Hi charter!
I have found the following bug:
1) I spider a site (example:
http://www.jobnetwork.it/foodir/foo.htm) that contains a link to a subdomain. The link must consist in hostname onliy. In the example you will find a link to
http://piemonte.jobnetwork.it
2) The spider finds the link and since i have define('PHPDIG_IN_DOMAIN',true); adds it to the tempspider and sites tables. Actually it add the site correctly but in tempspider adds the path of the current page. In this case adds
http://piemonte.jobnetwork.it/foodir/
3) I have done some tweaking on it and found that in robot_functions.php in phpdigExplore function:
if (substr($regs[8],0,1) == "/") {
$links[$index] = phpdigRewriteUrl($regs[8]);
}
else{
$links[$index] = phpdigRewriteUrl($path.$regs[8]);
}
the "else" is executed when we don't have any path-filename in the link, so if i link to
http://subdomain.jobnetwork.it the current path is added to the link!

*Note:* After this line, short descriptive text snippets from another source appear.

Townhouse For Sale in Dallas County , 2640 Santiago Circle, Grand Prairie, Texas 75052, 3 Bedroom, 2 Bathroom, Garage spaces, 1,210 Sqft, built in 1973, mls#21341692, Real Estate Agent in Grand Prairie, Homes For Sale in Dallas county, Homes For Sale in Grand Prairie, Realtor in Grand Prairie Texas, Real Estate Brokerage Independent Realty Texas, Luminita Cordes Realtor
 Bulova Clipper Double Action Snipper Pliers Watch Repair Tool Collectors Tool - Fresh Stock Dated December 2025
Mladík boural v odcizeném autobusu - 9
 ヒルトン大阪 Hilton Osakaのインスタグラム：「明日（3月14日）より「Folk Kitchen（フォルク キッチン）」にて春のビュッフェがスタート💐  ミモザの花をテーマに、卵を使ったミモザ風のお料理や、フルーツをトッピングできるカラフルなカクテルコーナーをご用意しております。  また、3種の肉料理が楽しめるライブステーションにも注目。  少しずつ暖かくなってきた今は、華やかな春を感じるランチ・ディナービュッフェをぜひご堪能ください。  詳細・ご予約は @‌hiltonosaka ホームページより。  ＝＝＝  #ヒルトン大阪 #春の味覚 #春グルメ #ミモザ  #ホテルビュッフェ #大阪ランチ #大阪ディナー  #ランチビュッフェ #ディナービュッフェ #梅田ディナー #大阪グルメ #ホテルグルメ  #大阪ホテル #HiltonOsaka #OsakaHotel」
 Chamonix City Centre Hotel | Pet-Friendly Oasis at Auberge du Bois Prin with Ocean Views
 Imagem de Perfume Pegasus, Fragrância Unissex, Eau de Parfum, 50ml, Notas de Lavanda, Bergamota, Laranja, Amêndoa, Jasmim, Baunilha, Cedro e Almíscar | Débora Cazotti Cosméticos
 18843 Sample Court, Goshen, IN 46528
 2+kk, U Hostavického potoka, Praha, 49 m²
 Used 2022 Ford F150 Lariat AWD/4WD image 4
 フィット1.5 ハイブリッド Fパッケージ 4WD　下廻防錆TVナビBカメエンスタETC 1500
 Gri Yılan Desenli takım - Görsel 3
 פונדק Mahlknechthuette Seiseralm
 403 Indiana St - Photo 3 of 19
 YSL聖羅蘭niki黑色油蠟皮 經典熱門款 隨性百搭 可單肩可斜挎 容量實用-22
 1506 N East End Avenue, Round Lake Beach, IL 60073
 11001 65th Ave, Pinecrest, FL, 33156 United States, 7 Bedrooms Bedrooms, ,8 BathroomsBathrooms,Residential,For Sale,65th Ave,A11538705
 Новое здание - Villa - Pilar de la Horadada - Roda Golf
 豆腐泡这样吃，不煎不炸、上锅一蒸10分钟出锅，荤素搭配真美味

My solution is the following:
if (substr($regs[8],0,1) == "/") {
$links[$index] = phpdigRewriteUrl($regs[8]);
}
elseif($regs[5]=="" or $url == 'http://'.$regs[5].'/'){
// we are in the same host or the host information is not provided
$links[$index] = phpdigRewriteUrl($path.$regs[8]);
}elseif ($regs[5] != "" && $url != 'http://'.$regs[5].'/') {
// host information is provided but we are not in the same host
$links[$index] = phpdigRewriteUrl($regs[8]);
}
Charter what do you think? I don't know if the solution is good, if it is conservative to the other links or not....
Regards
Simone Capra
capra__nospam__@erweb.it
E.R.WEB - s.r.l.
http://www.erweb.it